An artistic response to benefit stories
The artist Lindsay Lowcock has designed an artistic response to benefit stories in collaboration with Louise Hardwick from the University of Liverpool, Aidan Worsley from the University of Central Lancashire and The Brain Charity.
This installation is part of a wider dissemination strategy to report on the findings from a study entitled seeking recognition for people with severe disabilities on benefits.
Voice is an important part of inclusion in life: being recognised; taking part; being heard. The participants in the study, including clients from The Brain Charity, were given a rare opportunity to vocalise their experience. In response, Lindsay has designed an installation to display their voices.

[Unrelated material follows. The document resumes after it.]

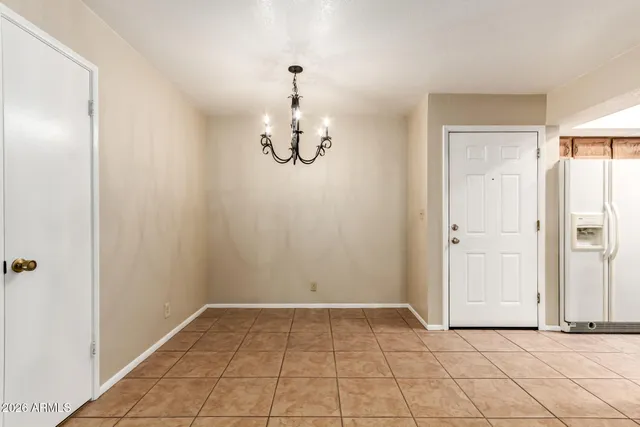 an empty room with kitchen view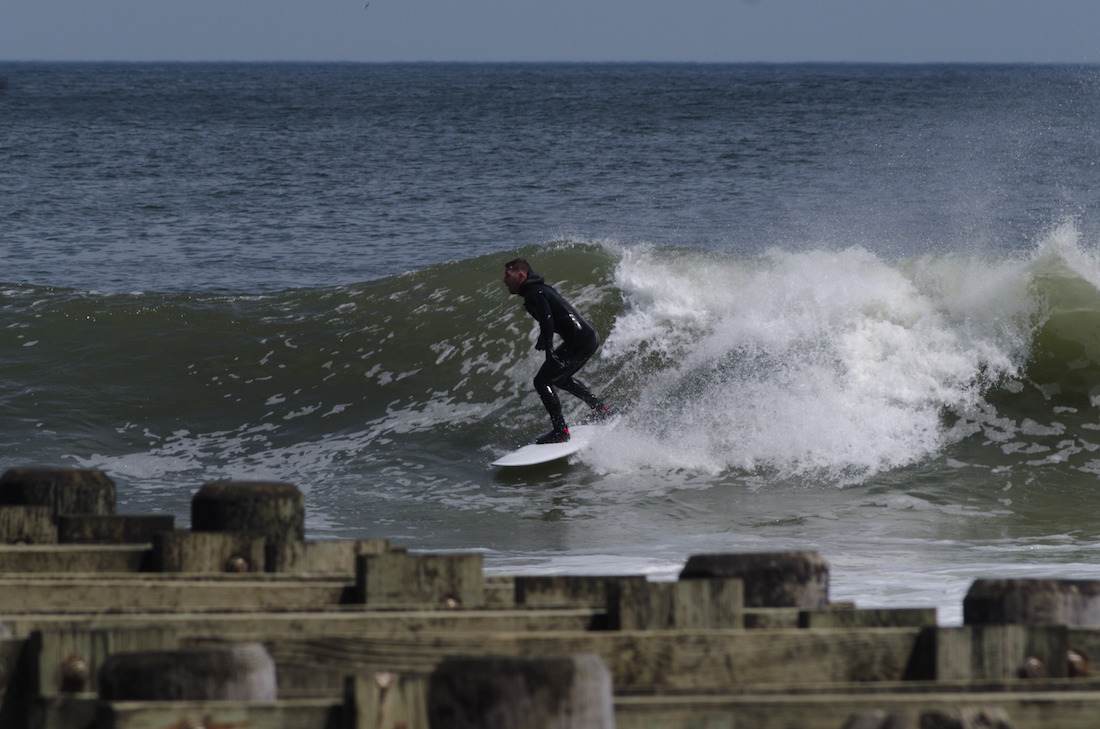 surfers on Jersey shore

This will be achieved by the voices of the participants becoming vocal performances that will be heard through six monolithic speakers. Each performance will consist of one word taken from the study which distils their experience of depending on disability benefits.
Like the standing stones of death monuments, the speakers will create a space for the viewer-experiencer to wander around and hear the individual voices.

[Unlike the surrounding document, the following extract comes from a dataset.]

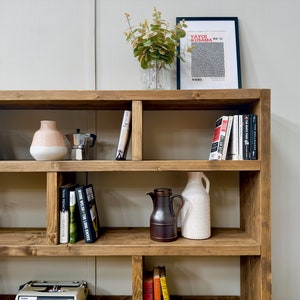 Puede incluir: Una estanter&iacute;a r&uacute;stica de madera llena de libros, jarrones decorativos, una cafetera y una impresi&oacute;n enmarcada. La estanter&iacute;a tiene varios estantes y est&aacute; te&ntilde;ida de un color marr&oacute;n c&aacute;lido. La impresi&oacute;n presenta el texto "YAYOI KUSAMA".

The combined audio and physical interactional experience will create an oppressive, confining, baffling, and demoralising response, akin to that experienced by study participants.

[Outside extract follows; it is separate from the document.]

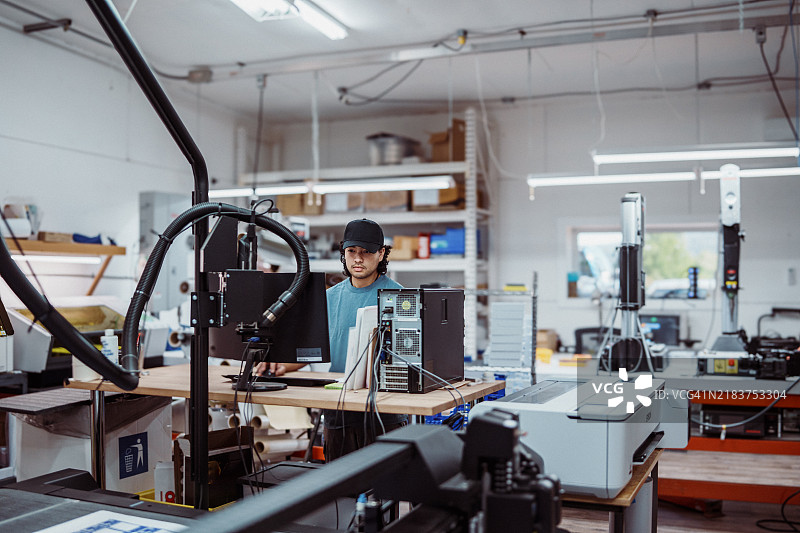 男性员工在工厂操作大型打印机和切纸机图片素材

Beyond the field of sound, a light is to be situated: a tall and thin slit of simulated sunlight. This represents Judith Butler’s 2016 concept of recognition.
In contrast, in the field of sound, the vocal performances and the people they represent occupy a hinterland not comprehended to the unimpaired, and in that hinterland they remain unrecognised.
The free exhibition will be open to visit at The Brain Charity from 11am – 4pm on 18th May – 21st May. No tickets are required.